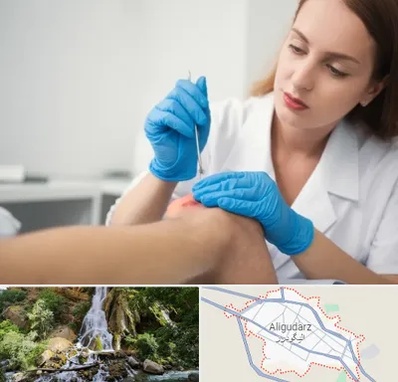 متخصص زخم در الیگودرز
---
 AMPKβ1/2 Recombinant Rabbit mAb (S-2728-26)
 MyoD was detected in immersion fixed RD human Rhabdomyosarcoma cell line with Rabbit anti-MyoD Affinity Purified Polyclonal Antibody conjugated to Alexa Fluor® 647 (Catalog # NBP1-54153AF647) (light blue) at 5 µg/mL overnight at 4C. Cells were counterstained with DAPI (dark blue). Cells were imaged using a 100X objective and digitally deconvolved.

**AIM OF THE EXERCISE**.
In the material above, transcribe exactly the lines beginning at the one with "AMPKβ1/2 Recombinant Rabbit mAb (S-2728-26)" and ending at the one with "MyoD was detected", both included.

**EXERCISE RESPONSE**.
 AMPKβ1/2 Recombinant Rabbit mAb (S-2728-26)
 MyoD was detected in immersion fixed RD human Rhabdomyosarcoma cell line with Rabbit anti-MyoD Affinity Purified Polyclonal Antibody conjugated to Alexa Fluor® 647 (Catalog # NBP1-54153AF647) (light blue) at 5 µg/mL overnight at 4C. Cells were counterstained with DAPI (dark blue). Cells were imaged using a 100X objective and digitally deconvolved.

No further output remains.